Task to complete
Output range, inclusive: from the line containing "Mercedes Benz CLS Class - Vista 8" to the line containing "286 Canal Dr, Dripping". Restate those lines from the data below word for word and only those.

Data
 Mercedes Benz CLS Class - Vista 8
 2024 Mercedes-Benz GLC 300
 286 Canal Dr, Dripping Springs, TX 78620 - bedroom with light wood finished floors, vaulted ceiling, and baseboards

---

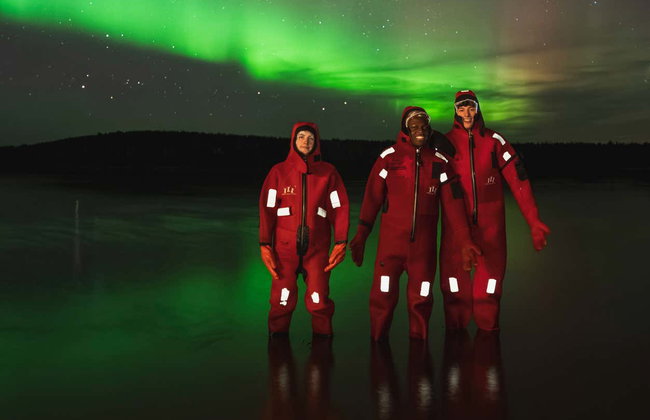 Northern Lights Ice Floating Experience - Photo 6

Solved problem
 Mercedes Benz CLS Class - Vista 8
 2024 Mercedes-Benz GLC 300
 286 Canal Dr, Dripping Springs, TX 78620 - bedroom with light wood finished floors, vaulted ceiling, and baseboards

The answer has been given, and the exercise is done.